--- DATA BELOW ---

################

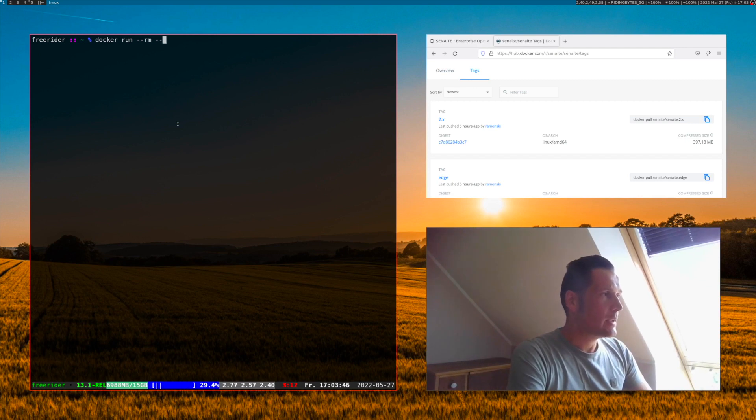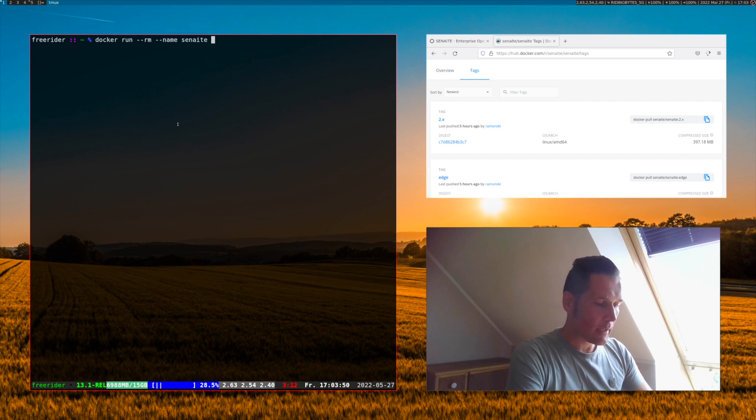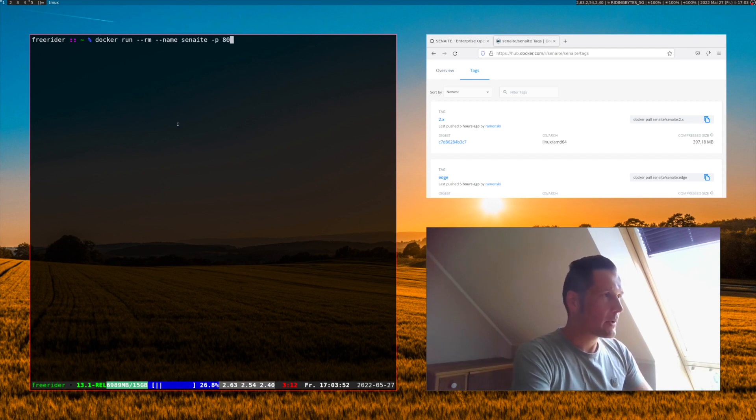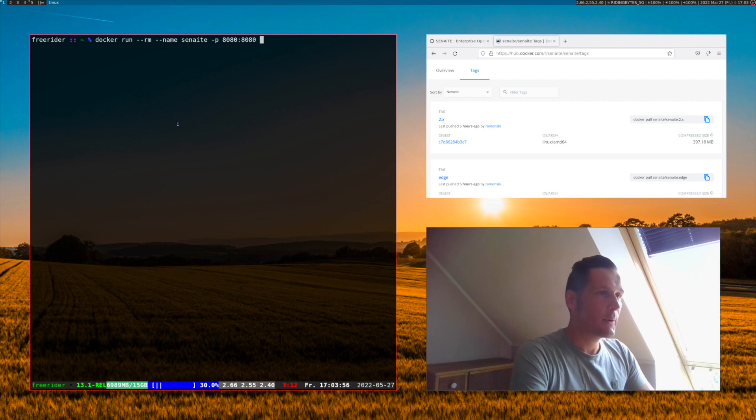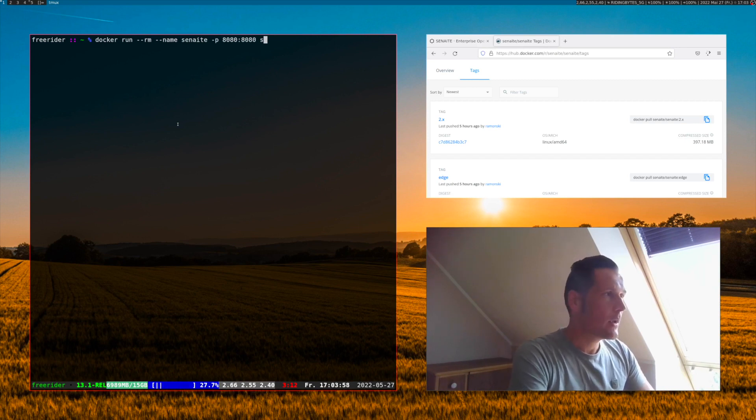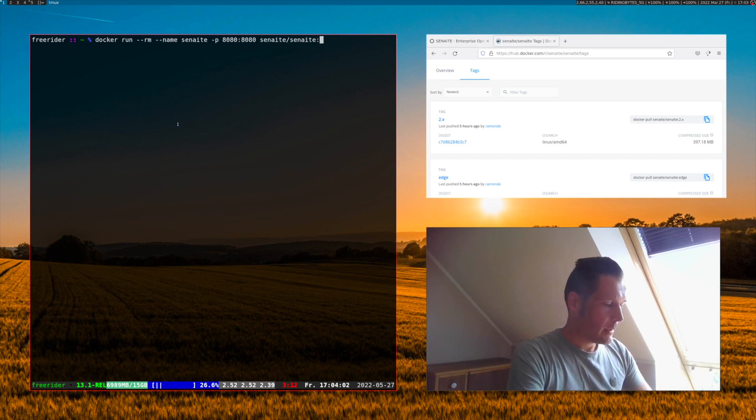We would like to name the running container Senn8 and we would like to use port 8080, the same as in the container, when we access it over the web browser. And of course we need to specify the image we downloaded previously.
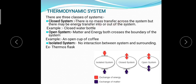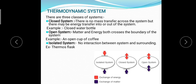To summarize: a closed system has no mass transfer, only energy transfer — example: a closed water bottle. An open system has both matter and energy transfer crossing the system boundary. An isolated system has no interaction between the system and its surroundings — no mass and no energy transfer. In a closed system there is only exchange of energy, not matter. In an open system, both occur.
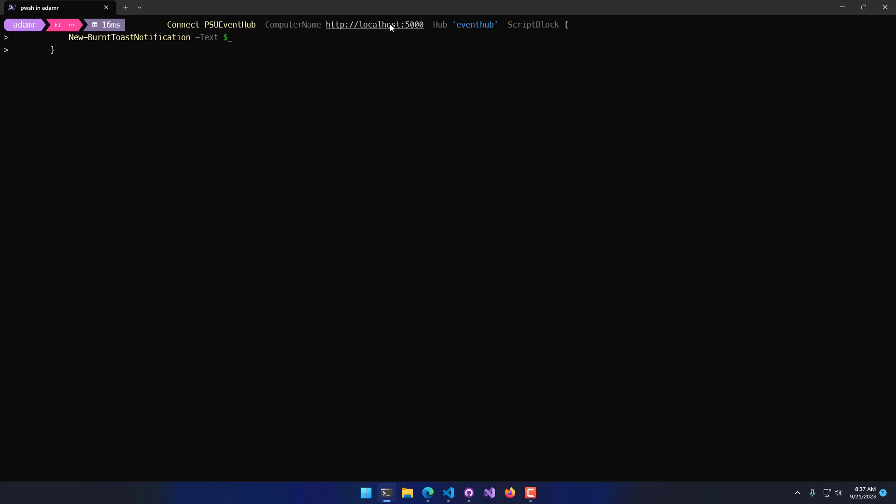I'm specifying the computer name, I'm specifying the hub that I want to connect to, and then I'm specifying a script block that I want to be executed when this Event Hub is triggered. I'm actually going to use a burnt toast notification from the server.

################

--- EXERCISE GOAL ---
Output each of the lines above exactly, apart from the images.

--- TASK RESULT ---
We would like to name the running container Senn8 and we would like to use port 8080, the same as in the container, when we access it over the web browser. And of course we need to specify the image we downloaded previously.
To summarize: a closed system has no mass transfer, only energy transfer — example: a closed water bottle. An open system has both matter and energy transfer crossing the system boundary. An isolated system has no interaction between the system and its surroundings — no mass and no energy transfer. In a closed system there is only exchange of energy, not matter. In an open system, both occur.
I'm specifying the computer name, I'm specifying the hub that I want to connect to, and then I'm specifying a script block that I want to be executed when this Event Hub is triggered. I'm actually going to use a burnt toast notification from the server.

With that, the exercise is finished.